Re: Core data - binding related problem in NSNumberFormatter and NSDatePicker
Re: Core data - binding related problem in NSNumberFormatter and NSDatePicker
- Subject: Re: Core data - binding related problem in NSNumberFormatter and NSDatePicker
- From: Andreas Grosam <email@hidden>
- Date: Thu, 16 Dec 2010 14:31:56 +0100
On Dec 16, 2010, at 11:38 AM, Devarshi Kulshreshtha wrote:
> Hi Pat,
>
> Regarding:
>
> For #1, you have an non-ascii character at the front of the number formatter
>> (in IB).
Guess, ¤ (\u00A4) is the "localized currency symbol" defined in the "International Components for Unicode" Library (ICU) <http://unicode.org/reports/tr35/tr35-6.html#Number_Format_Patterns> - and a valid character. But admittedly, it looks strange. ;)
>
> It is now working correctly when I am entering the price with $ symbol
> prefixed, eg. $123,00 :)
According your project, you use a *localized* currency number formatter (in IB there is a check-box where you can set/unset this). The currency symbol must then match those defined in your current locale. That is, "$123.00" works only if your currency symbol for your current locale is "$" as well. You probably don't want this behavior, since on any other computer, the currency symbol can be different - for example on my Mac I would have to type "€" for the symbol.
>
> I think that this is not user intuitive, user may not always know that he/
> she has to prefix dollar symbol. I think it would have been good if:
>
> 1. I can somehow change the alert message which now says - "Formatting
> Error" to "You should prefix dollar symbol".
>
> 2. Numberformatter can automatically prefix the '$' symbol to the entered
> decimal number.
>
> Do you know any way to implement these?

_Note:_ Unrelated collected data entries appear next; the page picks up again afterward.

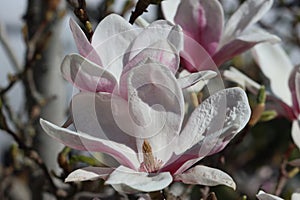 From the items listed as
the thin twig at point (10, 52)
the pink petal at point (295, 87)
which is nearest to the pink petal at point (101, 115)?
the pink petal at point (295, 87)

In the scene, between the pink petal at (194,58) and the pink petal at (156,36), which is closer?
the pink petal at (156,36)

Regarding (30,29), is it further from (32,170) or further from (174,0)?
(174,0)

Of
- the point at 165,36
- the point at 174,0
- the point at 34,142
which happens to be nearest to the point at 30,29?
the point at 34,142

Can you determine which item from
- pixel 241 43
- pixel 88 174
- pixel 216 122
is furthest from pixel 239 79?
pixel 88 174

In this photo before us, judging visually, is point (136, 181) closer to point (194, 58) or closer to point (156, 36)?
point (156, 36)

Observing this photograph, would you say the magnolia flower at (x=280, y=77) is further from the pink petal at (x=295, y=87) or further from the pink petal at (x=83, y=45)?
the pink petal at (x=83, y=45)

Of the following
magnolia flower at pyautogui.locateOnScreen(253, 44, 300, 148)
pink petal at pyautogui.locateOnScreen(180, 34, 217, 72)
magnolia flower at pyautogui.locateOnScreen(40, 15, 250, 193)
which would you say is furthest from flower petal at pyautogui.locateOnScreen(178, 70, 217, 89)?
magnolia flower at pyautogui.locateOnScreen(253, 44, 300, 148)

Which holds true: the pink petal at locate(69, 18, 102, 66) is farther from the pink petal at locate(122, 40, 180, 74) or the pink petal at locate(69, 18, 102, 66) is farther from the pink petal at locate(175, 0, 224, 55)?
the pink petal at locate(175, 0, 224, 55) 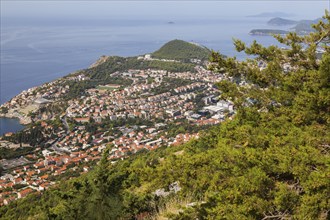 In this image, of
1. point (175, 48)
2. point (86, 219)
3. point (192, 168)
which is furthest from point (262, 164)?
point (175, 48)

Since I don't know what IB is doing exactly, do it programmatically. Here is the code which may solve your issue:
NSNumberFormatter* priceFormatter = [[NSNumberFormatter alloc] init];
[priceFormatter setFormat:@"$#,##0.00;$0;-$#,##0.00"];
[priceField setFormatter: priceFormatter];
[priceFormatter release];
Note that, here in this example, the currency symbol is fixed and equals to "$".
It is not required to explicitly type the currency symbol, eg.: "123" -> $123.00 Parsing works also if you type it in correctly say, "$123" -> "$123.00".